I wish more Japanese and sushi restaurants would begin a practice recently instated at Sushi Bon, in Lantana. Customers can buy a set of chopsticks in a decorative box for $10, and the Bon waitstaff will see that they're properly labeled, washed, and stored for your next visit. My spouselet and I each bought a set last month -- I chose a box decorated with cute pink bunnies and a pair of matching pink-tipped sticks -- and now every time we belly up to the bar for a spot of fresh fluke, snapper, aji, or triggerfish sashimi, we get to eat with out own pins:

Why is having your own set important? Hit the jump.

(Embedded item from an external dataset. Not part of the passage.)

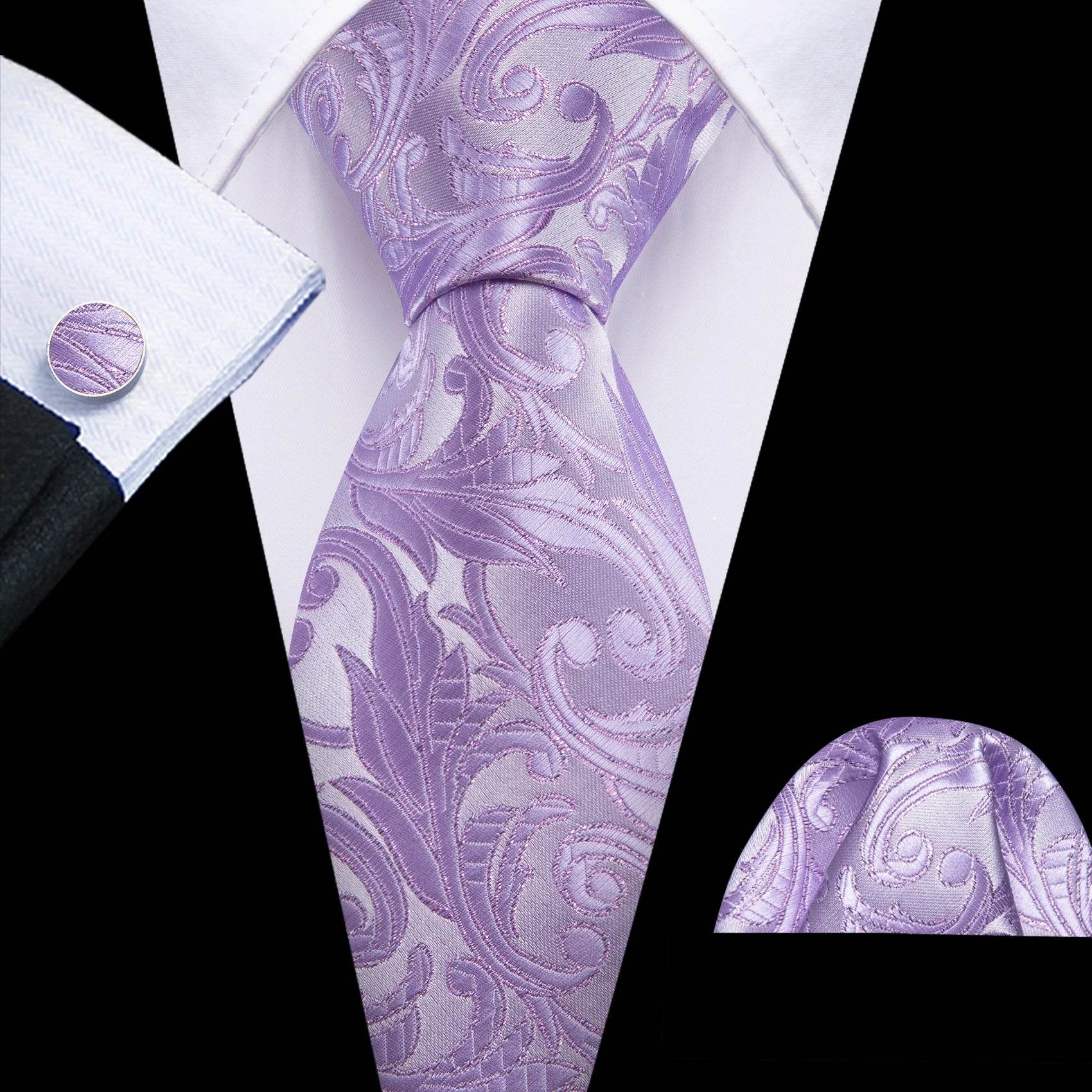 Floral Jacquard Silk Tie Set for Men - VacationGrabs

Rainforest trees, valuable for their role in mitigating global warming and for biodiversity, are being sawed down to make those wooden chopsticks that get thrown away after every meal. The Asians are well ahead of us on this one -- there's a well entrenched "carry your own chopsticks movement" in China, where one blog claims that:

China now produces and discards more than 45 billion pairs of disposable chopsticks every year, cutting down as many as 25 million trees in the process, according to government statistics. Another 15 billion pairs are exported to Japan, South Korea and other countries. At the current rate of timber use, environmentalists warn, China will consume its remaining forests in about a decade.

Here's another cool idea: people are making stuff out of recycled chopsticks.

go to Earth First to see more

I like the idea, though, of having my sticks waiting for me at my favorite sushi joint. Sorta like having a beer mug with your name on it at your regular watering hole.